The findings come from Broadgate Mainland's annual Digital Trends Survey, which this year quizzed 156 financial journalists and 83 in-house comms officers.

The survey revealed that although 75 per cent of journalists said they were sceptical about the accuracy of Wikipedia entries, four out of five admitted to using the site as part of their research.

Despite the power of the site, in-house comms professionals have been reluctant to change their brand's entries. Of those surveyed, just 12 per cent working in the financial services industry have successfully made changes to their firm's Wikipedia pages.

The findings follow high profile media revelations about Bell Pottinger and Portland editing clients' pages. The CIPR has subsequently issued guidance that its members should not edit pages of their companies or clients.

The way journalists engage with social media also appears to be changing, preferring to 'listen in' to conversations rather than engaging directly.

Forty-three per cent of journalists said they used Twitter to observe conversations and 38 per cent used it to research stories. Just 12 per cent of journalists used Twitter as a tool to chat, a huge fall from 47 per cent who said they did this in 2011.

Sarah Evans-Toyne, executive director at Broadgate Mainland, said that journalists were increasingly aware of the importance of digital.

‘Over half of the journalists we surveyed recognised the importance of building a social media audience for their careers and the survey revealed two in 10 journalists now have their own personal websites,’ she noted.

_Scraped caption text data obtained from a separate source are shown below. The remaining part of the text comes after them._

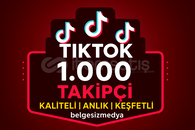 ⭐[ ÇALIŞAN ] TİKTOK 1000 TAKİPÇİ KALİTELİ DATA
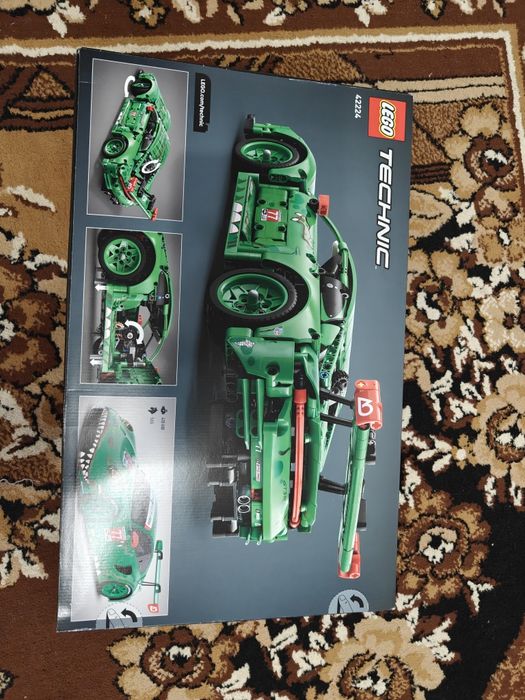 LEGO Technic Porsche 911 GT3 RS (42224) — новий, запакований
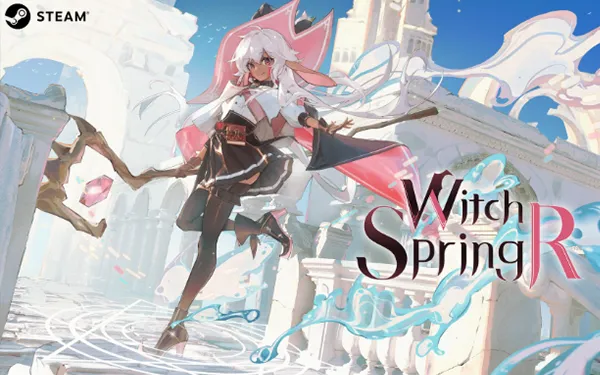 美少女RPG手游《魔女之泉R》在韩服迎来重磅更新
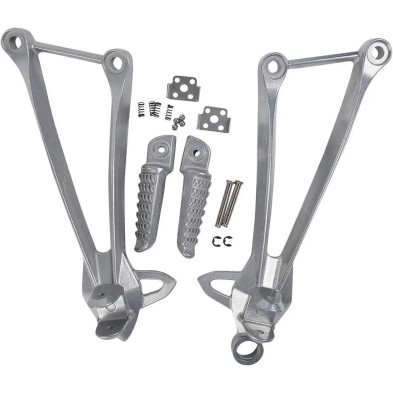 Soporte de Estriberas traseras para KAWASAKI ZX10R 2008 - 2010
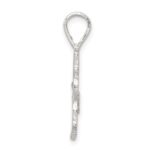 Sterling Silver #1 Mom Charm - Image 2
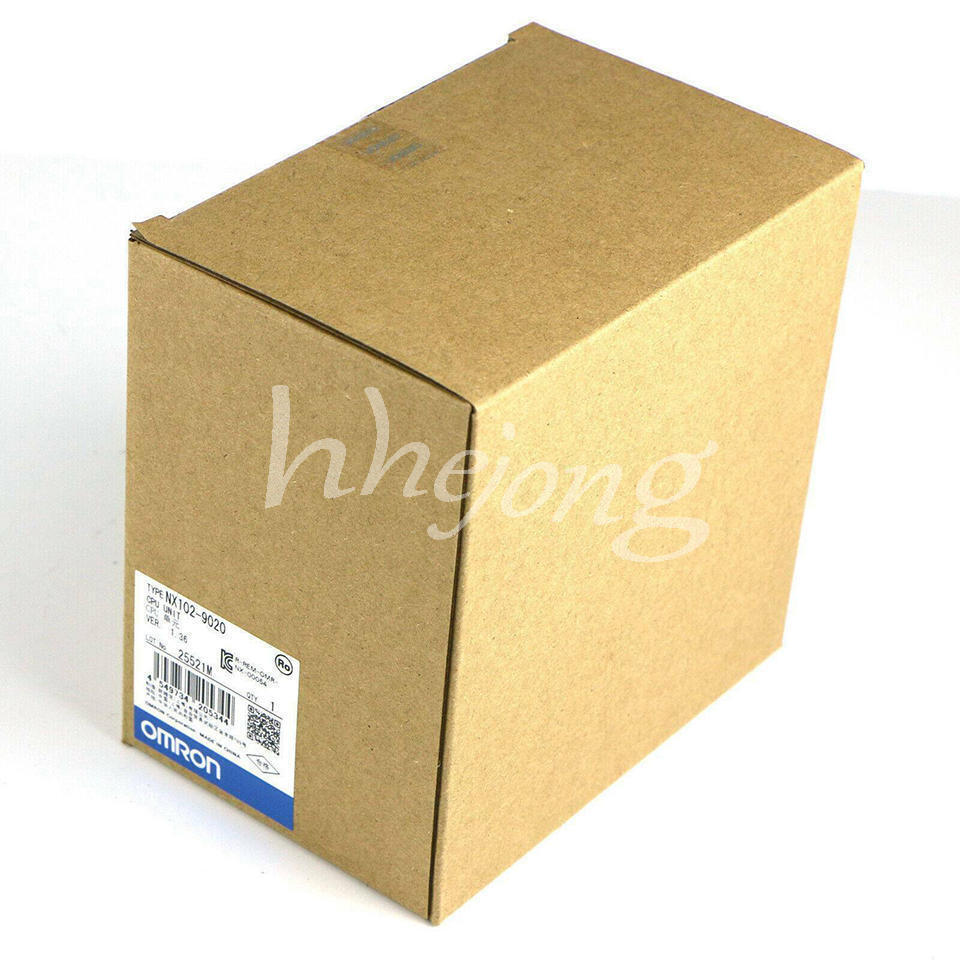 Omron PLC NX102-9020 - OMRON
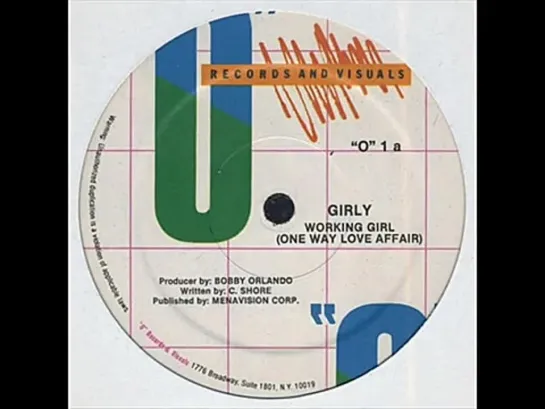 Girly - Working Girl (One Way Love Affair) 🎧🎵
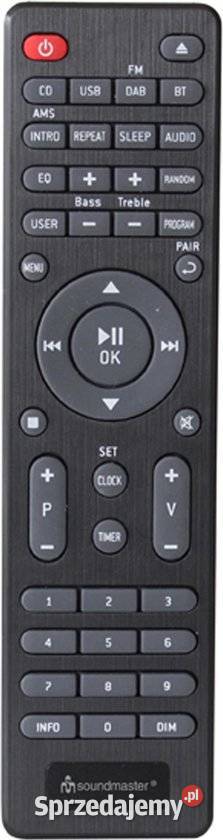 Radio Cyfrowe Retro Soundmaster Dab970Sw Brzozów sprzedam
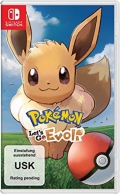 Pokémon: Lets Go, Evoli! Cover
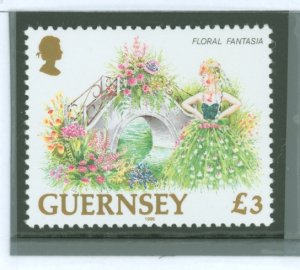 Guernsey #497 Mint (NH)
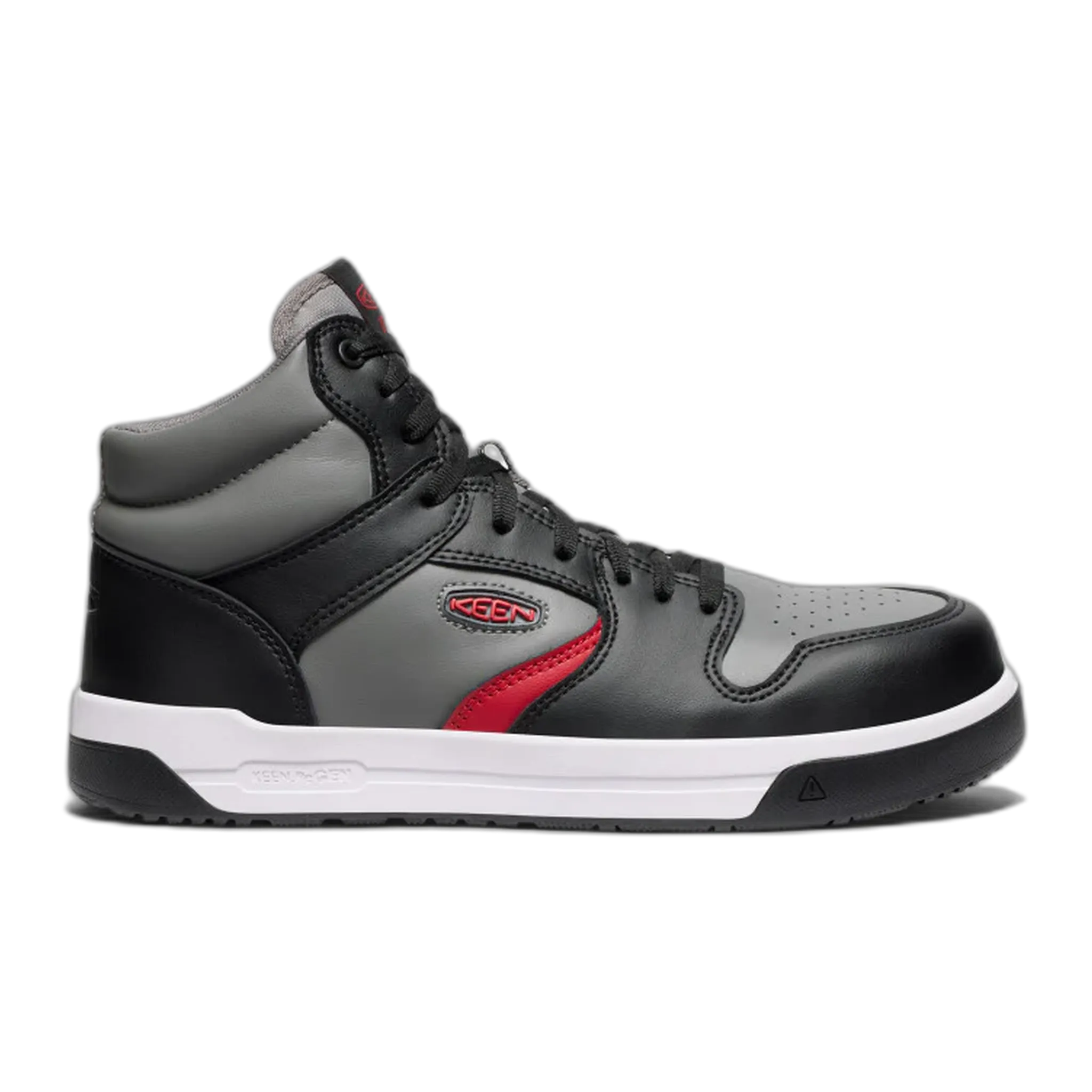 Men's Overton Mid Work Shoe (Carbon-Fiber Toe) Best Orthotic Work Boots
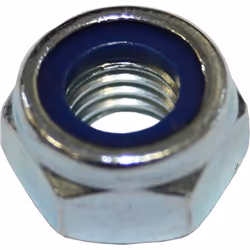 Dresselhaus WGR 0680, Écrou hexagonal, Nylon, Acier inoxydable, Acier inoxydable, M5, Chrome, 5 mm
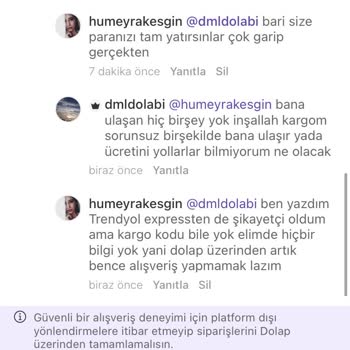 Trendyol Express Kargomu Kaybetti Ve Ürünün Parası Satıcıya Ödenmedi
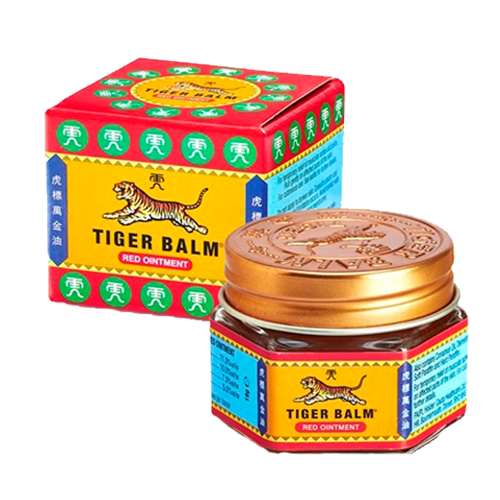 Tiger Balm Red (Extra Strength) 19g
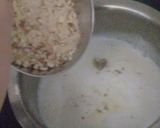 A picture of step 2 of Milk jelly in custard.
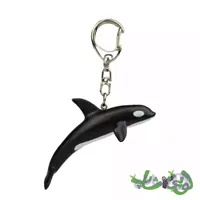 آویز کلید نهنگ قاتل موجو Orca Keychain 387604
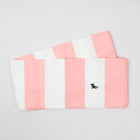 Strandtuch aus recyceltem Plastik L - Light Pink (L)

Email was the universally preferred method of receiving pitches, with no interest at all in being pitched to via social media channels.

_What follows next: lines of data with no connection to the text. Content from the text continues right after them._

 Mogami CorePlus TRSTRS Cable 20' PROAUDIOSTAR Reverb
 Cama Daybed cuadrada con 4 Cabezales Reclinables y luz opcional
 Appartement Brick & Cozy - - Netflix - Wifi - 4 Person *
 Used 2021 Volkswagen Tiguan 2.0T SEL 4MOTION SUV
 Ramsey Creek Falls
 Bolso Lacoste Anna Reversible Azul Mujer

Natalie Kenway, deputy news editor, Wealth Management at Investment Week, one of the journalists surveyed, commented: 'At Investment Week the journalists are using Twitter more and more to interact with readers but I don’t think it will become the main point of contact and replace email/phone. It is useful if you are looking for a comment in a specialist area, using the hashtag #journorequest, but we aren’t checking it as regularly as we are our emails so pitches from PRs will get lost on Twitter.'

Click here to watch a PRWeek podcast about Broadgate Mainland's research, featuring Julian Knight, Independent on Sunday money and property editor, and Sarah Evans-Toyne, Broadgate Mainland executive director.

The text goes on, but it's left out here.